(Supplied records Opens)
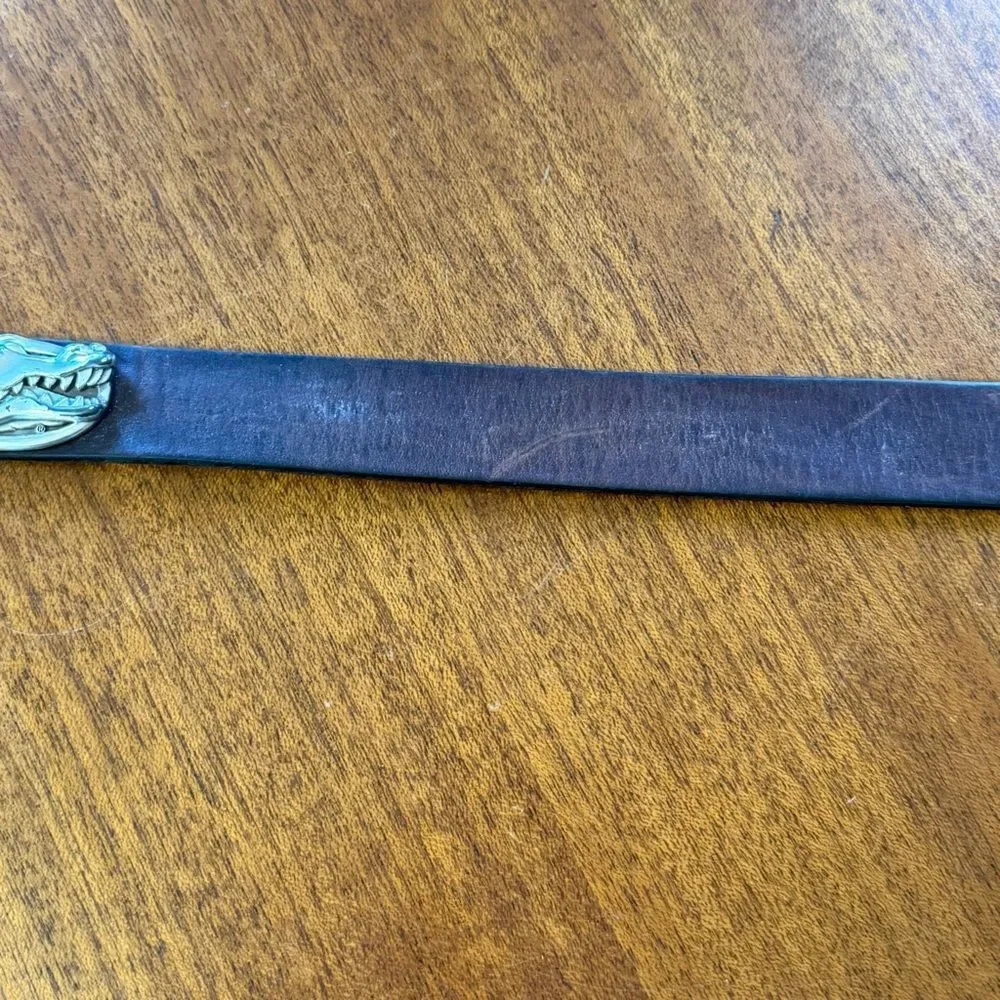 Cognac Brown Leather Florida Gators Belt with Silver Buckle Size 44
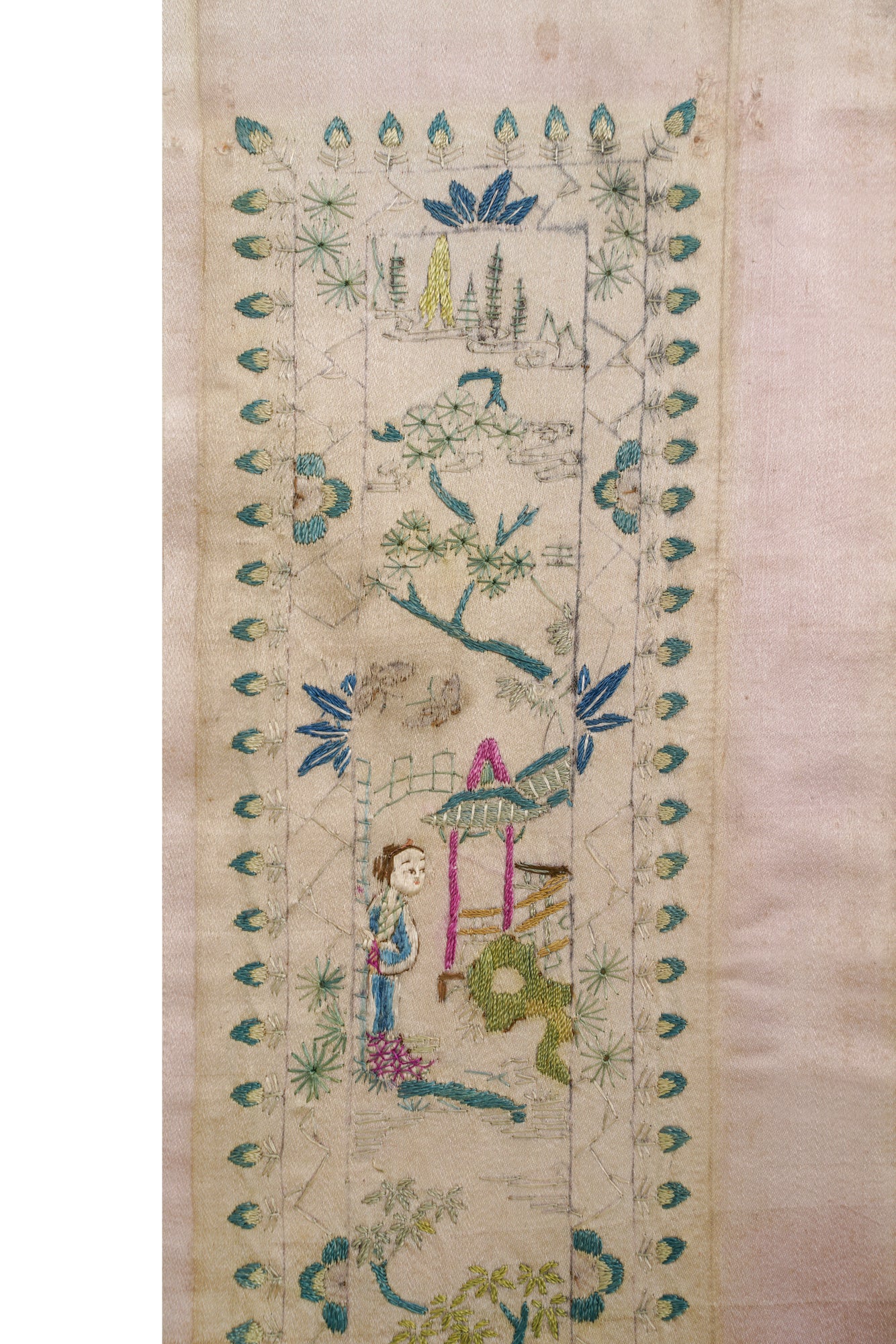 Antique Silk Chinese Embroidery Panel 3'4" x 6"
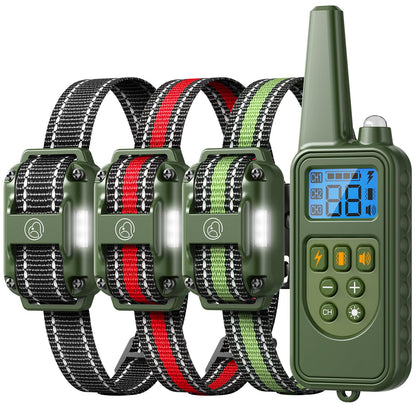 Dog Training Collar with Remote, 2600FT Range, 4 Training Modes Beep, Shake, Safe Shock, LED Light, Rechargeable IPX7 Waterproof for All Breeds Sizes, with Three Receiver Collars for 3 Dogs
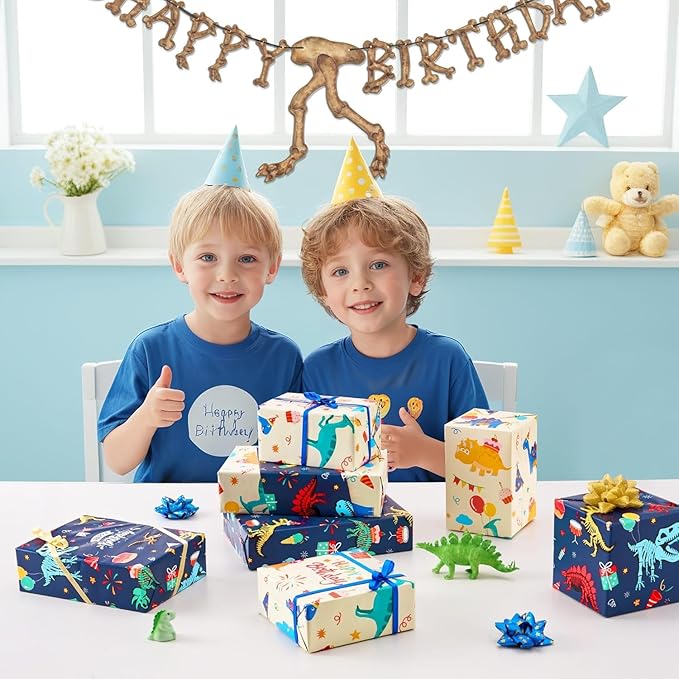 WERNNSAI Dinosaur Reversible Wrapping Paper Roll - 1 Roll 17”x 9.84 ft Happy Birthday Dinosaur Wrapping Paper for Boys Birthday Gift Packing Supply Baby Dino Decor Favor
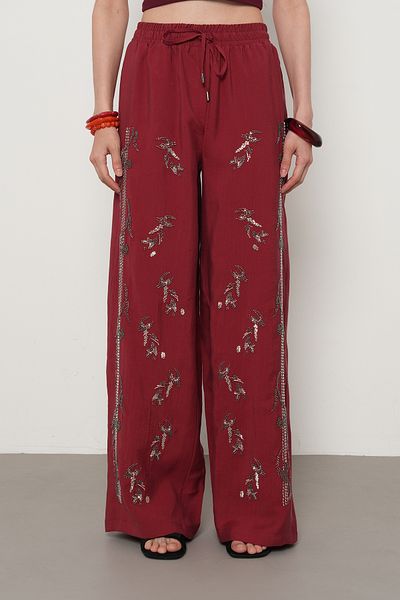 Orfeo Negro Women's Bolly Legs Front Pants with Beads and Stone Embroidery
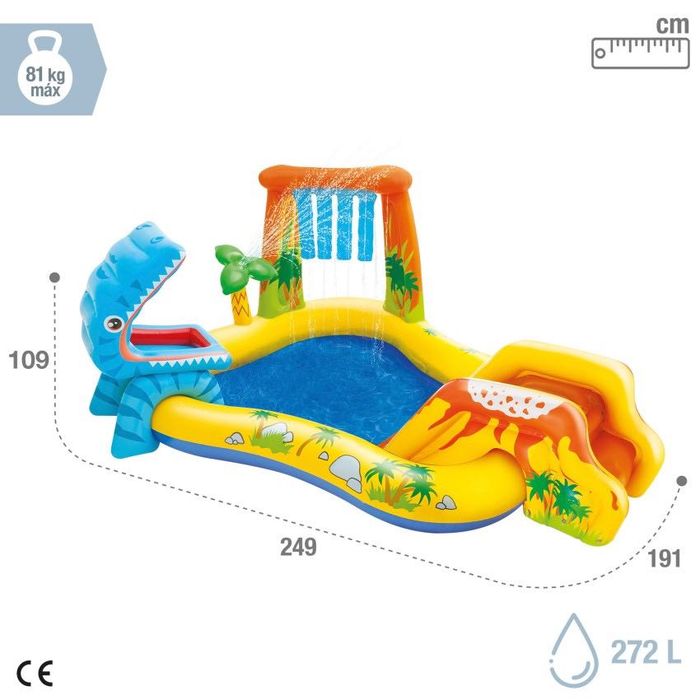 Piscina e Centro de Jogos Insuflável Intex Dinossauro (249x191x109cm) - Novo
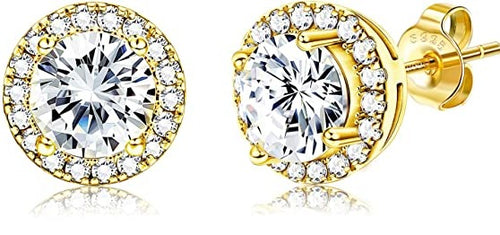 THE LUXE NK GLAM GIRL LUXURY JEWELRY COLLECTION - CZ RHINESTONE ROUND CUT HALO STUD EARRINGS - E4605-RHCL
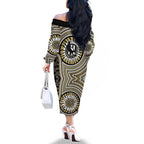 Collingwood Football Club Family Matching Off The Shoulder Long Sleeve Dress and Hawaiian Shirt Indigenous Monochrome Dot Art Mascot Style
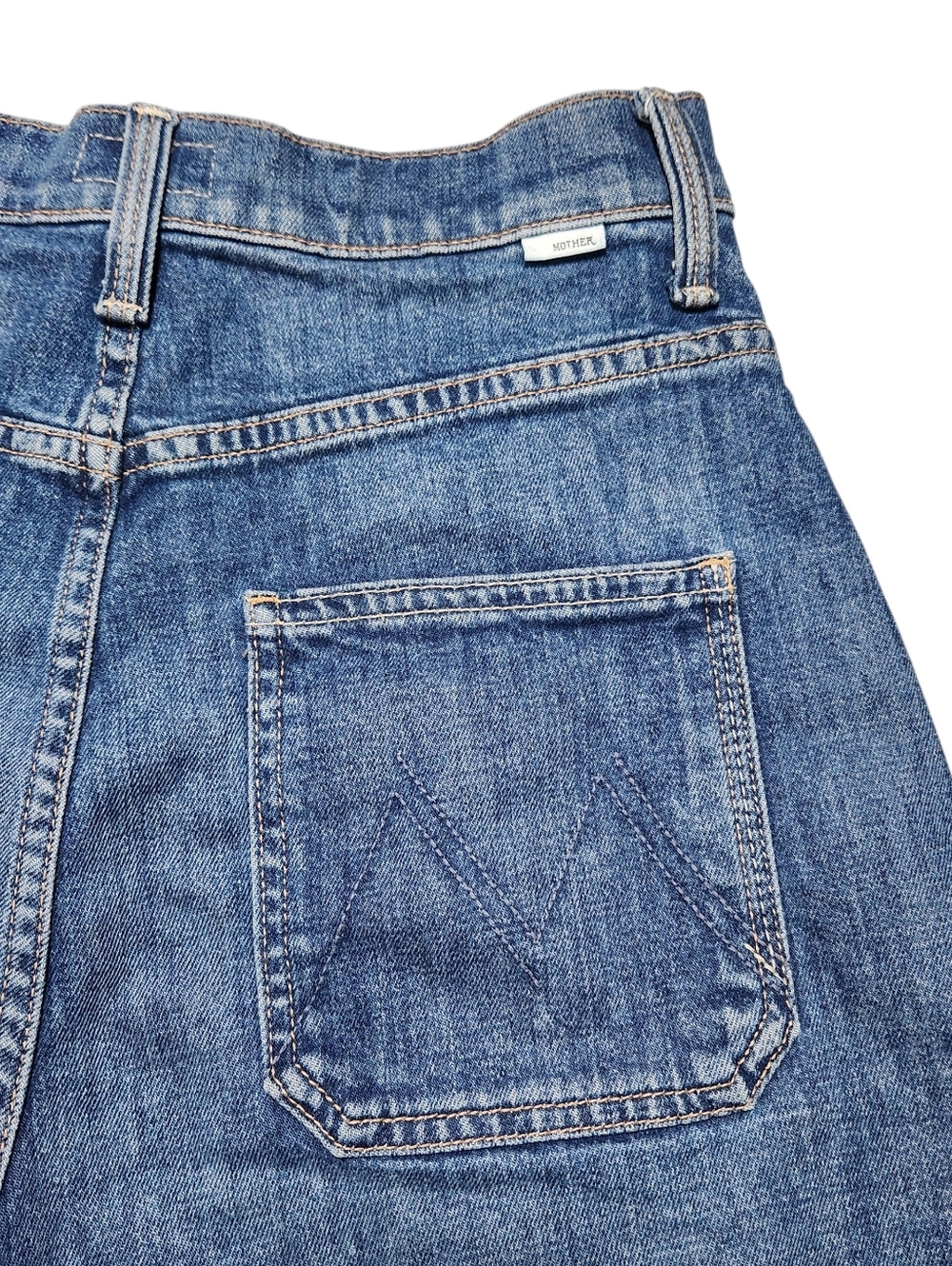 Mother Denim The Patch Rambler Rolled Short Globe Trotter Blue Women Size 26 - Picture 5 of 12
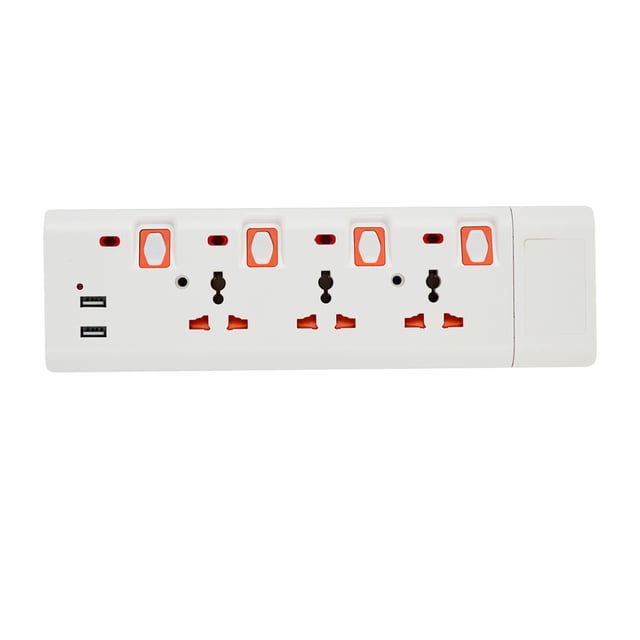 محول كهرباء للمنزل 3 منافذ و 2 يو اس بي جيباس Geepas 3 Way Extension Socket with 2 USB Port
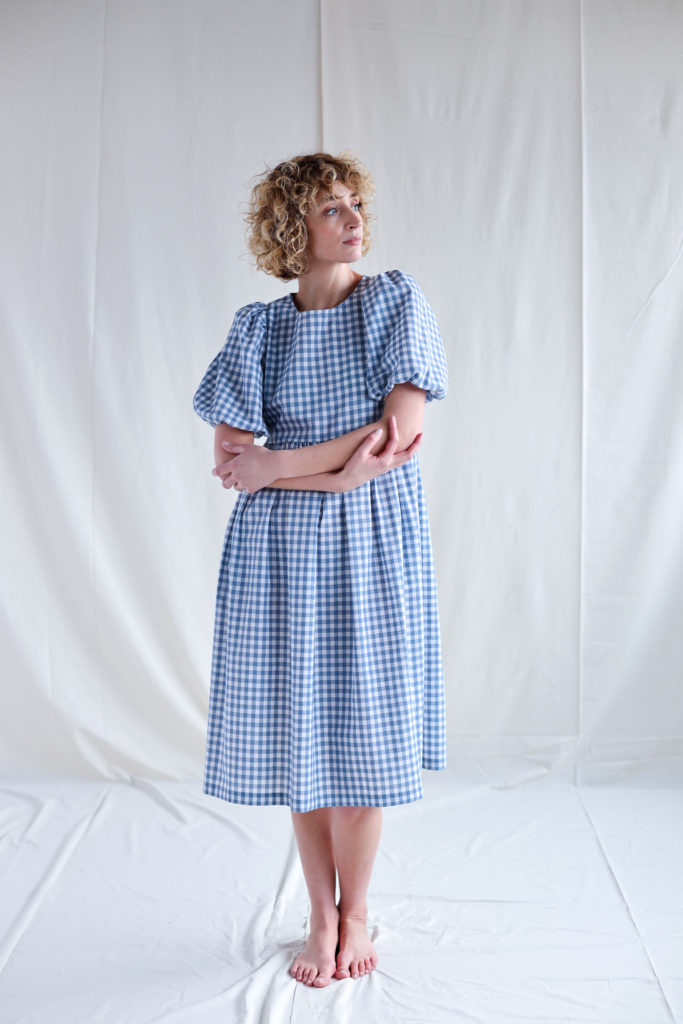 Puffy sleeve check dress | Dress | Sustainable clothing | OffOn clothing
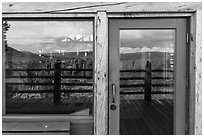 Canyon, South Rim visitor center window reflexion. Black Canyon of the Gunnison National Park ( black and white)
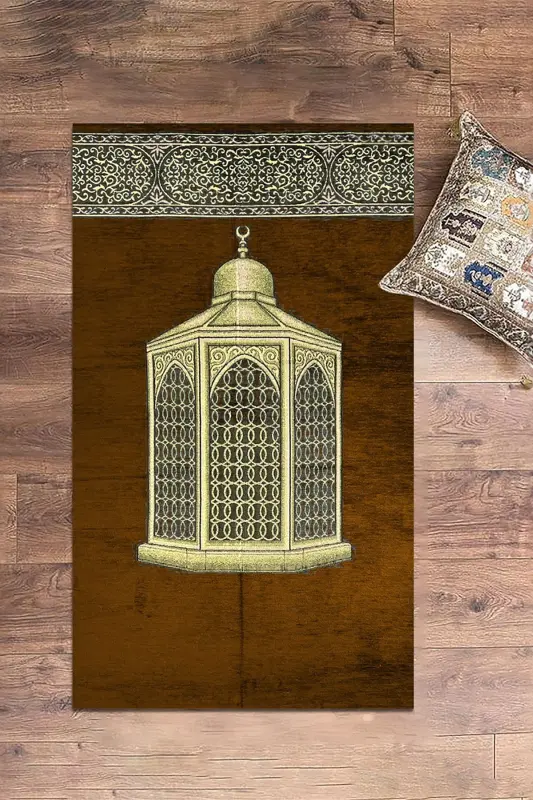 Raqamli bosma yuviladigan sovg'a hashamatli namoz gilami Sajda 70x130, Sajda-41-kofe, -JIGARRANG - 5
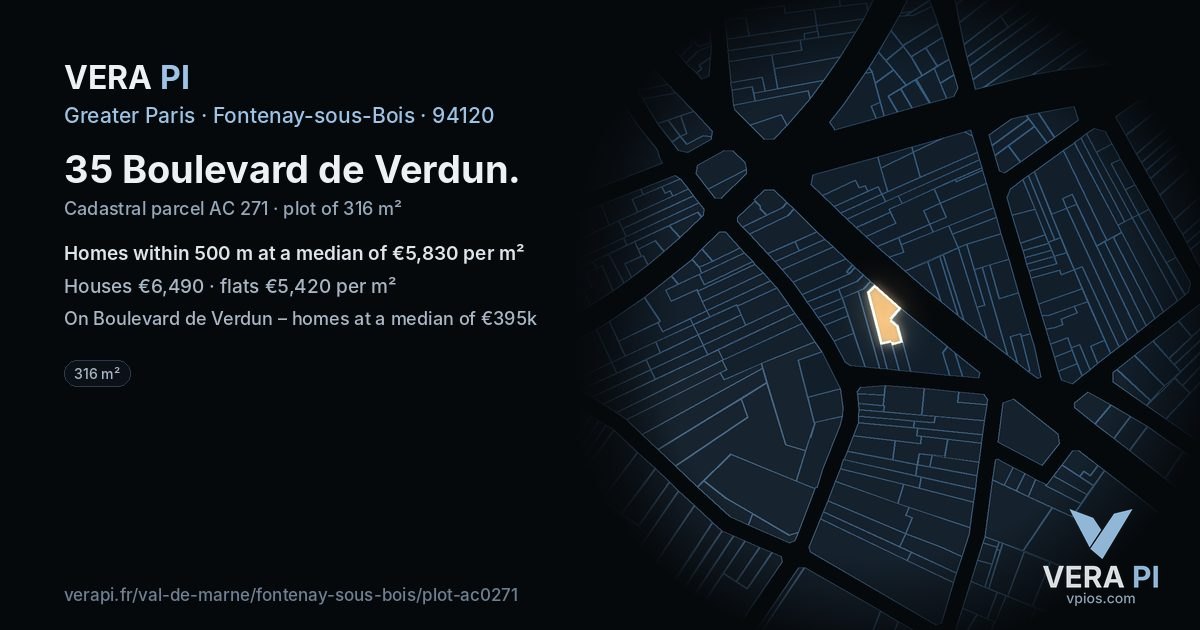 35 Boulevard de Verdun, Fontenay-sous-Bois at night – the plot lit, the parcels around coloured by the prices near them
(Supplied records Closes)
Each line from the first line of the data above through the one containing "Dog Training Collar" must be set down exactly; the pictures must not be.

 Cognac Brown Leather Florida Gators Belt with Silver Buckle Size 44
 Antique Silk Chinese Embroidery Panel 3'4" x 6"
 Dog Training Collar with Remote, 2600FT Range, 4 Training Modes Beep, Shake, Safe Shock, LED Light, Rechargeable IPX7 Waterproof for All Breeds Sizes, with Three Receiver Collars for 3 Dogs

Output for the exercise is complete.